Operation Love and Hope from California Collects 750 Boxes of Clothes for Families Hurt by Hurricane Helene
In which I revisit favorite news pieces from 2024
Originally published in the Hughson Chronicle & Denair Dispatch on November 19, 2024. The Hughson Chronicle & Denair Dispatch is part of MidValley Publications - committed to the power of the positive press. Reprinted with Permission.
“What started out as an idea the size of a mustard seed grew to way more than my sister and I could have ever dreamed of,” Theresa Berner said.
Berner and her sister Cathy Bernardi organized Operation Love and Hope from California in response to the devastating hurricane Helene’s impact in North Carolina. “What started out as a tiny movement has exploded into a nationwide race to get as much clothing as possible to the victims of Hurricane Helene in North Carolina.”
Volunteers sorted, folded, and stacked bins and bins of clothes throughout the day on November 2, filling a truck the Berners would drive from November 7 to 13 with clothing donations for the hurricane families.
Two sisters come together to make a difference, and the effect ripple throughout the country.
It began on Chief Berner’s on-call weekend.

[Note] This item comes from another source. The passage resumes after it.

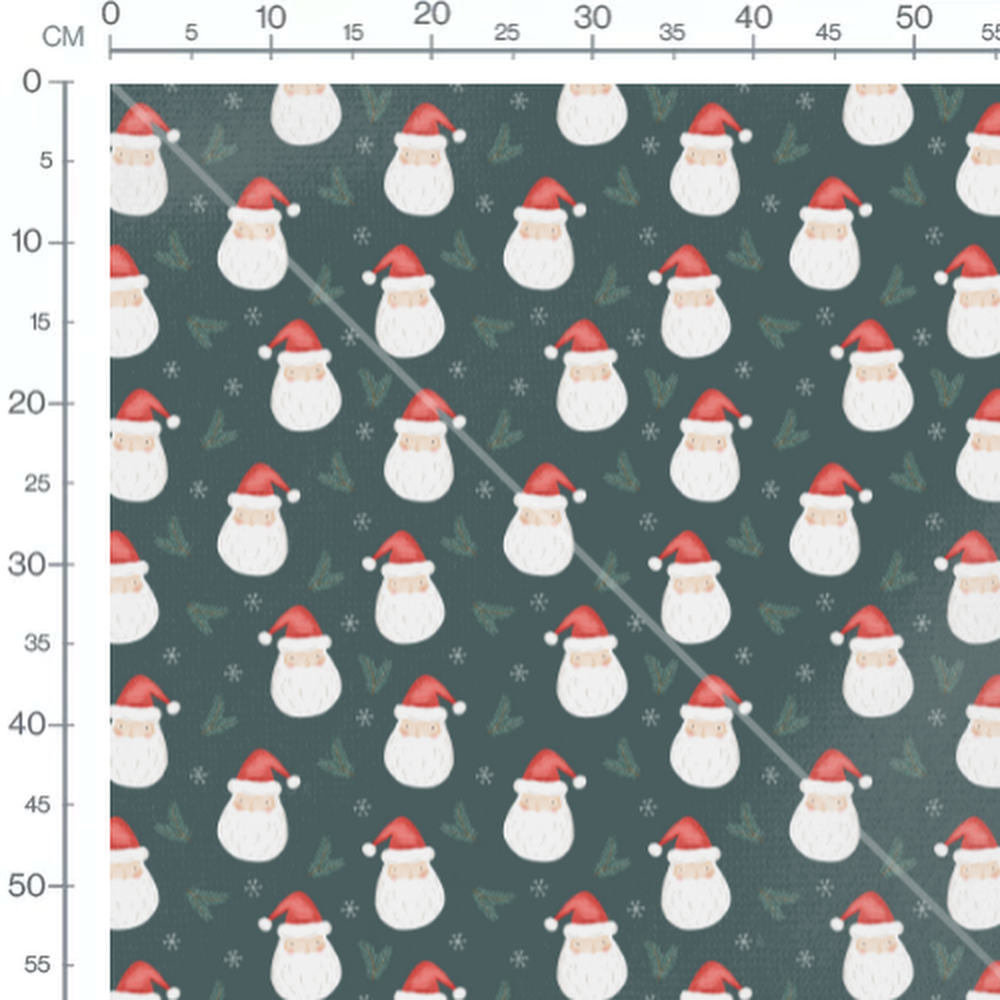 Tissu - Pères Noël sur fond vert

The couple stays home on those weekends, and while at home, Theresa Berner tackles her house cleaning chores. She noticed the spare coats in her closet and thought of the victims of Hurricane Helem. She called Lauren Holmes who lives in South Carolina, right on the border and said, “I have all these coats. Do you think any of the hurricane families might use this?”

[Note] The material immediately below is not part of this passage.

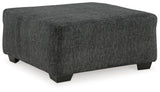 Biddeford shadow velvet oversized accent ottoman head-on front view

Holmes responded immediately, “Yes, they have lost everything.”
At first, Berner thought she would box the items up and mail them. “I wish I had a way to send more. But mail is expensive,” she told her cousin.
Holmes, who has connections between California and North Carolina through NASCAR, made a few phone calls and told Berner that if she could collect the clothes, they would find a way to get them to North Carolina.

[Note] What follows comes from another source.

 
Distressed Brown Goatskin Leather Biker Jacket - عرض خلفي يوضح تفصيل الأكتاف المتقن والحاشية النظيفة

Bernardi took care of the social media and promotions.
The first clothing drive was on October 26 in Riverbank. At the Stanislaus Consolidated Fire Station #26, they collected three hundred boxes of clothing. Starbucks Coffee at Crossroads Shopping Center donated coffee. Pizza Plus donated lunch to the volunteers. Volunteers came from STARS, family friends, and consolidated firefighter families.
The word continued to spread. On November 2, there would be another collection in Hughson at the fire station. “Word got out to the community. Donations started coming in left and right. I work for Waterford Unified School District. The superintendent put a collection bin at each school site. I collected three to four pick-up loads that families and staff dropped off.”
At Hughson Fire Station, they collected 450 boxes.
Del Monte loan peach bins for sorting. Pacific Southwest Container in Modesto donated new boxes to pack the clothes. Twenty-five volunteers from Hughson FFA to firefighters, families, friends, Ag teachers, people Berner had never met, who saw the post and came to help.
Nama’s Kitchen, owned by Jamie Ellak and J&J Fruit Stand, donated cookies and scones. Coco’s Taqueria donated a lunch of enchiladas, rice, beans, chips, and salsa for each volunteer. BMR Napa Racing loaned them his trailer to haul the boxes.
“It was truly a community support group,” Berner said. “My sister Cathy and I are just overwhelmed. What started out the size of a mustard seed idea was that I cleaned out a closet just mushroom to way beyond – we never expected it.”
Both had visited North Carolina before. “It’s a beautiful area, and the people are welcoming and friendly. That may be what hit us in our hearts. We've been there,” Berner said. “We wanted to help, but we’re so far away we can't put the boots on the ground, so when Lauren said if you collected this clothing, we’d get it to them. We never expected to collect this amount of clothing.”
On Wednesday, November 13, Berner and her husband delivered the clothing donations to a town in the Blue Ridge Mountains in North Carolina.
The clothes will be handed out at a community Thanksgiving dinner on Thanksgiving Day, coordinated by Holmes.
“After we offloaded the boxes, we ate lunch at a local restaurant, Pig & Gritts Barbecue, where we were visiting with some local folks and told them what brought us to their town. They were so surprised that we drove all the way from California, the number of boxes of clothes we collected, and the number of volunteers and local community support we had. One lady had tears in her eyes, and several locals said, ‘Thank you so very much. We definitely need them.’”
Berner continued, “We saw firsthand the power of Mother Nature and the destruction it did. We also witnessed a community where, even though they have lost so much, they unite as one and are working together to clear debris off and continue living. This has mostly definitely been a moving and humbling experience that I will never forget.”